On prépare sa caisse, range les chariots, remplit les rayons de produits, avant que la foule ne déboule dans le magasin. Tout va très vite dans cette mécanique bien huilée. Rapprochés, les plans se succèdent à la vitesse d’un code-barres passé au rayon laser. Chaque jour, des kilos de marchandises abîmées, invendues ou proches de la péremption sont jetés dans une benne, écrasés, détruits, piétinés à coups de bottes, puis javellisés. Ça discute et plaisante un peu à la pause-déjeuner, sur le parking de ce supermarché discount. Et ça repart au turbin dare-dare, à la caisse, en rayon. À la sortie, on passe à la fouille, sous la palpe d’un chefaillon. Des fois que viendrait l’envie de chiper, malgré les caméras de surveillance. Un labeur ingrat pour une petite communauté de crevards, payés 10 euros de l’heure. Soit 945 euros brut par mois. Avec le sourire, s’il vous plaît.
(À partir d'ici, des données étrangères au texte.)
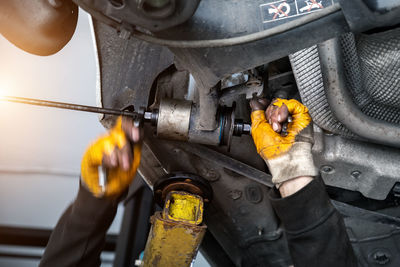 Cropped image of man working in factory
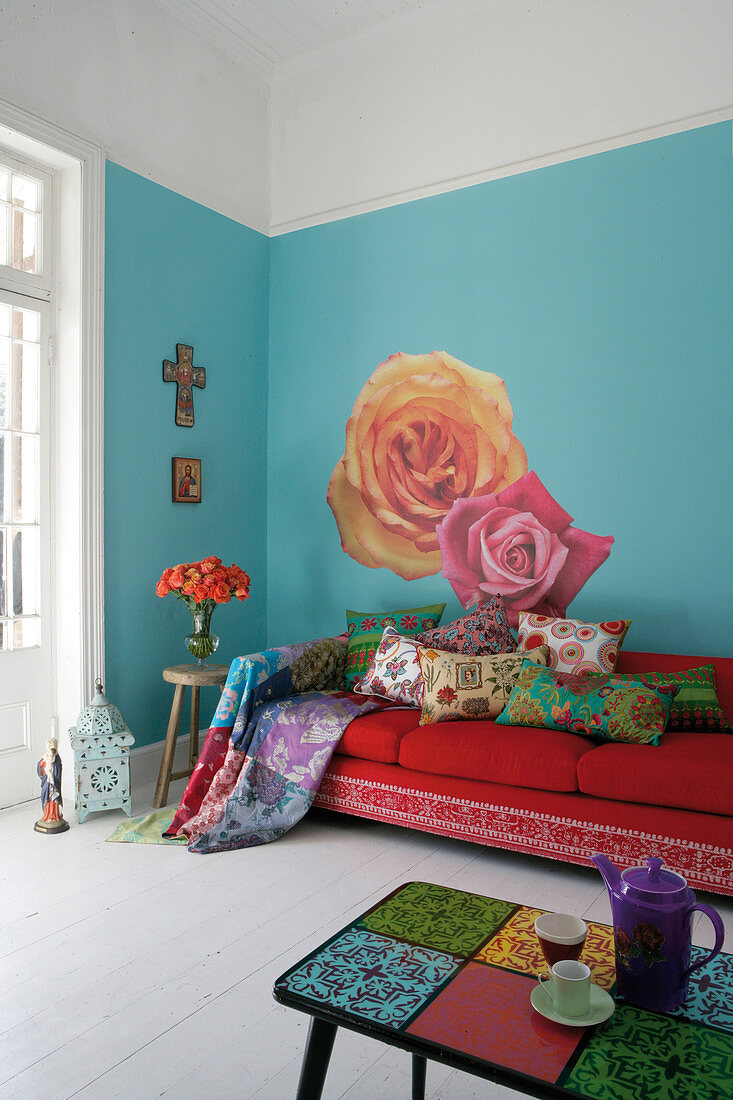 Mediterranean living room with sofa and colourful cushions against wall painted light blue with large floral motif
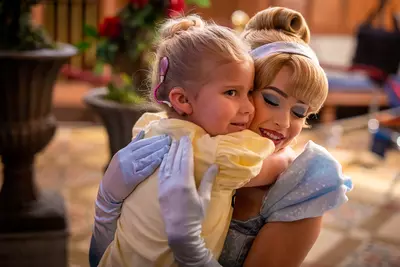 A little girl with a cochlear implant hugs Cinderella.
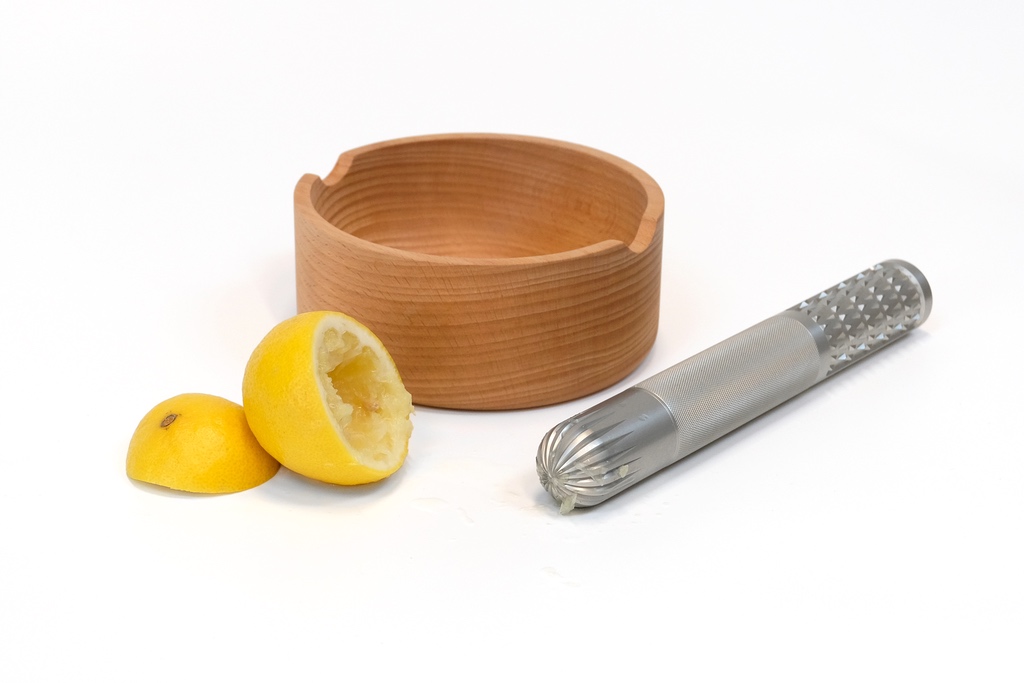 A wooden bowl and an aluminum cylinder with a variety of patterns designed for zesting and squeezing citrus. The product is made by Matheson, a homeware brand led by Matty Matheson, and the designer is Toronto studio Castor.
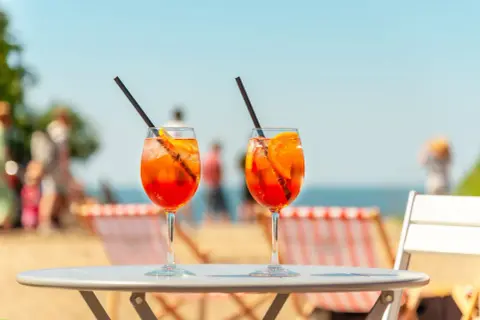 Dwa kieliszki Aperol Spritz z pomarańczą i słomką na stole, w tle plaża i morze.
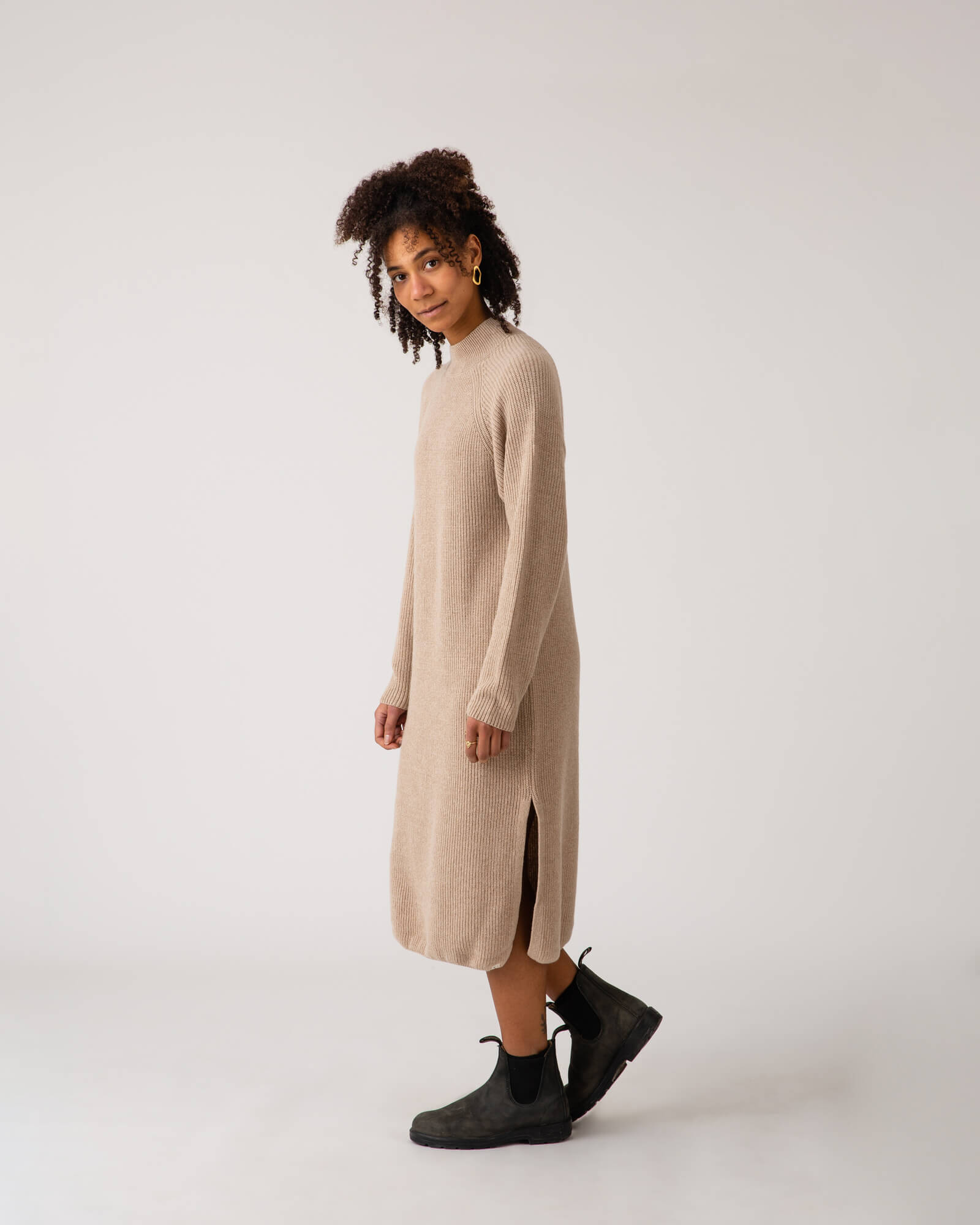 Light brown, knitted limestone dress made from recycled wool by Matona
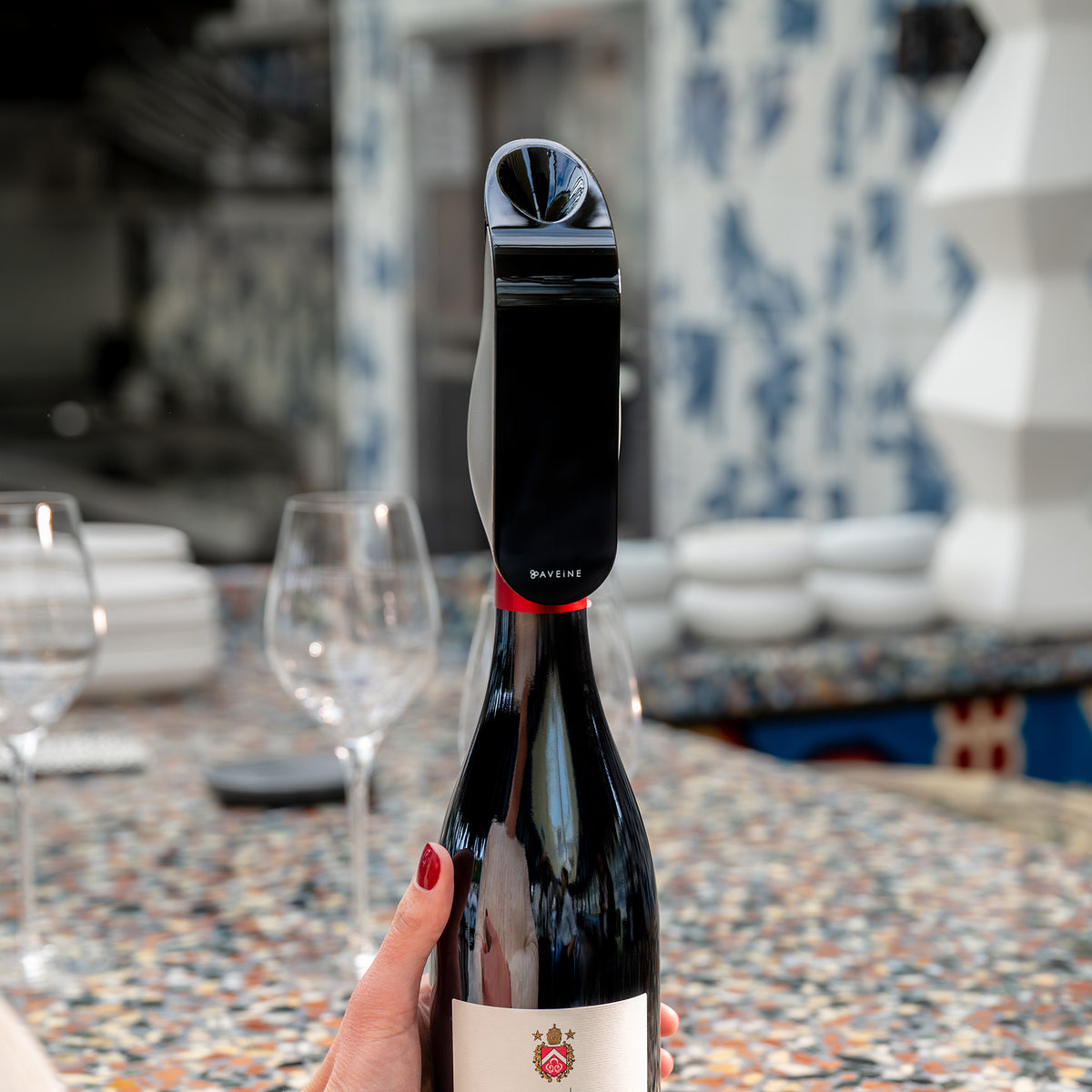 A hand with red nail polish holds a wine bottle fitted with the Aveine Original Smart Wine Aerator by Aveine, delivering instant 1–24 hour aeration through advanced micro-oxygenation technology. In the background, two empty wine glasses and stacked plates sit on a colorful, patterned table.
Dans le bureau de la gérante, une affiche recommande la banane. Idem en magasin, où le slogan « Sbam » s’adresse directement aux caissières. C’est-à-dire « Sourire », « Bonjour », « Au revoir », « Merci ! ». Ailleurs, dans un bureau impersonnel, des cravatés inculquent les bonnes méthodes pour licencier un employé, avec le sourire toujours. Et pour cause : certaines caissières vont être remplacées par des caisses automatiques. Les voilà en concurrence, soumises au chronomètre. Bientôt sonnera la révolte.

Premier film de Louis-Julien Petit, Discount commence là. Dans une périphérie industrielle quelconque, sous un ciel gris contrastant avec les couleurs acidulées d’un supermarché aux relents d’univers carcéral. Conscients qu’ils ne valent pas plus que ces emballages piétinés dans une benne, tous jetables, ils sont quelques-uns à vouloir relever la tête, prendre en main leur destin. Cinq potes et collègues imaginant, en guise de prime de licenciement, le détournement de marchandises pour créer leur propre supermarché alternatif. À prix cassés. Une révolte de retors qui se veut joyeuse, emmenée par Gilles, accompagné de Christiane, Emma, Alfred et Momo. Accrochés à leur besoin de dignité. Entre deux séquences de travail, entre deux actes de « résistance civique », Louis-Julien Petit livre des bribes de vie des uns et des autres, plus ou moins meurtris dans leur sphère intime, têtes hautes gardant, sans plaintes, hères esseulés. Des bribes d’existence humble, insérées dans la narration, apportant de l’épaisseur aux personnages, glissées subtilement le long d’un montage vif, nerveux, à l’esthétique soignée, dans un récit passant d’un registre à l’autre, entre gravité et légèreté (avant de prendre un parti). Avec un mot d’ordre au-dessus de la débrouille et de l’amitié : « solidaires ! », point d’exclamation compris, décliné dans cette « rébellion positive » furieusement drôle, qui s’exprime ne serait-ce qu’à travers un ticket de promotion donné aux plus démunis.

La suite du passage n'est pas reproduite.